Nous nous sommes rencontrés sur décision des présidents de Russie et des États-Unis, qui sont convenus de travailler à la préparation d'un prochain sommet. À cette fin, les ministres des Affaires étrangères et les conseillers à la sécurité nationale ont été chargés de se rencontrer et d'examiner ce qui doit être élaboré avant que les présidents puissent commencer à convenir d'une date et d'un calendrier précis pour un sommet.

Question : Immédiatement après la fin de la réunion, beaucoup d'informations sont apparues, citant des sources proches du processus diplomatique, concernant un «plan en trois étapes» sur lequel la Russie se serait supposément mise d'accord avec les États-Unis concernant l'Ukraine. Est-ce vrai ?

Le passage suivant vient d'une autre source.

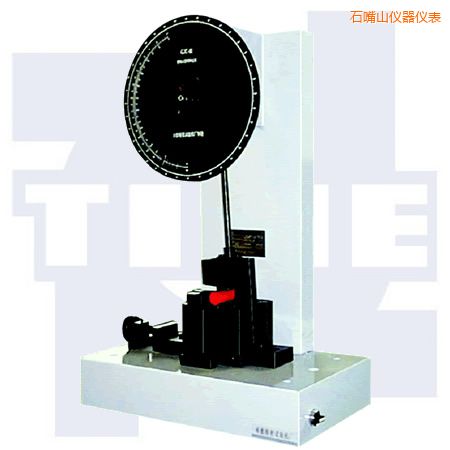 石嘴山塑料拉伸沖擊試驗(yàn)機(jī)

Sergueï Lavrov : Concernant le «plan en trois points». Je n'ai pas vu cette information ni ces commentaires. Aujourd'hui, en parcourant les nouvelles, j'ai trouvé une référence à une déclaration du ministre des Affaires étrangères polonais Radoslaw Sikorski, qui racontait quelque part «dans les couloirs de Munich» qu'il avait rencontré le représentant américain Keith Kellogg. Il l'a informé d'un certain plan de règlement. Il n'était pas précisé s'il y avait trois points ou quatre. Mais Radoslaw Sikorski, commentant le plan, a dit qu'il ne pouvait pas révéler les détails. «Le plan est atypique, mais pourrait être très intéressant».

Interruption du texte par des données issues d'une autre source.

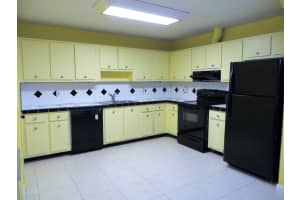 8076 Ambach Way #21d, Hypoluxo, FL 33462, Sold 10/04/17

Aujourd'hui, j'ai demandé au secrétaire d'État américain Marco Rubio et à Mike Waltz ce que cela signifiait. Ils ont répondu que c'était une infox.

Question : Avant cette rencontre, les États-Unis ont envoyé un questionnaire à l'Union européenne, demandant ce que l'Europe pouvait proposer en termes de garanties de sécurité pour l'Ukraine. Il y a une question sur le déploiement d'un contingent sur le territoire ukrainien. Quelle est la position de Moscou à ce sujet ?

Sergueï Lavrov : Concernant l'information selon laquelle les Américains ont posé une série de questions à l'Union européenne pour mieux comprendre ce que l'UE compte faire, et comment les Américains peuvent être utiles ou impliqués. J'en ai déjà parlé.

Mais j'ai également mentionné que la question du déploiement potentiel de forces de maintien de la paix armées, soi-disant après que le conflit sera déjà réglé ou qu'un accord sera atteint comme mentionné dans ce document, intéresse les Américains du point de vue des pays prêts à les fournir. Il est clair que la question s'adresse aux membres de l'Union européenne.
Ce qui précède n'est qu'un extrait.